What can I say about Dubai? I think someone should invent a word to describe that place, because there is nothing else like it on earth. It's such a mixture of cultures, consumerism, and extremes. . . veiled women shopping at Gucci in a shopping mall with an indoor ski hill next to the tallest building in the world; UK tourists perusing gold jewelry designed in India at one of the oldest gold markets in the world just south of an island shaped like a palm tree; Starbucks signs in English and Arabic. I think you get the picture. It was a great place to get a little rest after sleeping on a plane for two nights, and we took some time to pick up some last minute things and eat some meals without having to worry about what future effects they might have.
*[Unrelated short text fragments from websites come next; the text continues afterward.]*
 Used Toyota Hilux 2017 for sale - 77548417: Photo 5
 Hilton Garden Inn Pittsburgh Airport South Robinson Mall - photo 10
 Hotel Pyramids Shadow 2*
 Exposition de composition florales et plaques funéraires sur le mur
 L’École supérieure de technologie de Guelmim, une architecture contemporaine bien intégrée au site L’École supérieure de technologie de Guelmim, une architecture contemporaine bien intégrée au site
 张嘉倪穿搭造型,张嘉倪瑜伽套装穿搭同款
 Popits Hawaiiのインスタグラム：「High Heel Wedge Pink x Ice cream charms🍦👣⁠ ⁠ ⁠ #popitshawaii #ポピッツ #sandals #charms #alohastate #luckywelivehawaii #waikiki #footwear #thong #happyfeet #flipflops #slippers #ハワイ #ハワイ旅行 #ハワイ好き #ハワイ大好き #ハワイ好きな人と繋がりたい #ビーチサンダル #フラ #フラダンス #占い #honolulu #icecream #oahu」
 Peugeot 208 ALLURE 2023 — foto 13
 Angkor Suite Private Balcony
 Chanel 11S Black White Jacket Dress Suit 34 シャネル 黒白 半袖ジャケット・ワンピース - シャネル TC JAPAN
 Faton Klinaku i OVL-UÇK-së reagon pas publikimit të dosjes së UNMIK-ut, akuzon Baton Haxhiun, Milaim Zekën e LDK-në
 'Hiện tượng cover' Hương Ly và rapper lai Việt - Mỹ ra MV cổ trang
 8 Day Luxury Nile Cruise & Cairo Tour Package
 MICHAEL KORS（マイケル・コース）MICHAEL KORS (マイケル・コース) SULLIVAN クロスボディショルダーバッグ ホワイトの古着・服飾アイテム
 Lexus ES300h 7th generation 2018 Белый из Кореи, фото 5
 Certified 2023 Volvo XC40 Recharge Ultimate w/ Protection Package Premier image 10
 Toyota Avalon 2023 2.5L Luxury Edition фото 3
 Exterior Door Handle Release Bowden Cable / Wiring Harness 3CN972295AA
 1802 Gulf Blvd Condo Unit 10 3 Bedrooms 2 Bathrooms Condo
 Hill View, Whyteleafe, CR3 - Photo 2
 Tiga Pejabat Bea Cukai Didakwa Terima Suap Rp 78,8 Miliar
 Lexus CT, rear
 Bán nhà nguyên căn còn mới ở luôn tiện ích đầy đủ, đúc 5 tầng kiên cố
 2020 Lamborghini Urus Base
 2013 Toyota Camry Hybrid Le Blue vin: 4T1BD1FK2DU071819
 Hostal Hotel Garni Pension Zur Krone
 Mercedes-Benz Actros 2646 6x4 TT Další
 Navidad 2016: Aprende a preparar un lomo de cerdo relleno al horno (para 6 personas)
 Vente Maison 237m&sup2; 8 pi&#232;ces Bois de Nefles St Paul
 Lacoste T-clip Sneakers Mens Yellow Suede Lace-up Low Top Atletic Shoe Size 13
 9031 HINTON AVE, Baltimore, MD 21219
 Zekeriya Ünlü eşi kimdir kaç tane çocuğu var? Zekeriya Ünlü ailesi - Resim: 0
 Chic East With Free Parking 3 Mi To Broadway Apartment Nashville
And finally, Wednesday morning, we boarded our plane for Kabul. 2 1/2 hours later we landed and began the passport control/immigration process. It went surprisingly quick. We were able to go through the family/fast track line which is a lot faster as there are not many families entering the country. Our base manager, Mike, was waiting for us on the other side of the queue with our foreigner registration form. The only hiccup in our arrival was that the government official refused to accept my passport amendment with my name change. According to my visa and registration card, I am known by my maiden name. We don't foresee this being a problem, but I did have to fill out the form several times.
And then we were off to our new home. We live in a two bedroom, two bathroom apartment with another couple (Steve and Sari). It's a great place and we're all working together to make it feel more like home. Our living arrangement was the one thing that I was nervous about, and it has turned out to be a wonderful situation.
There is so much more to share, but I think this is enough for now. I don't want overload everyone with too much information on my first post!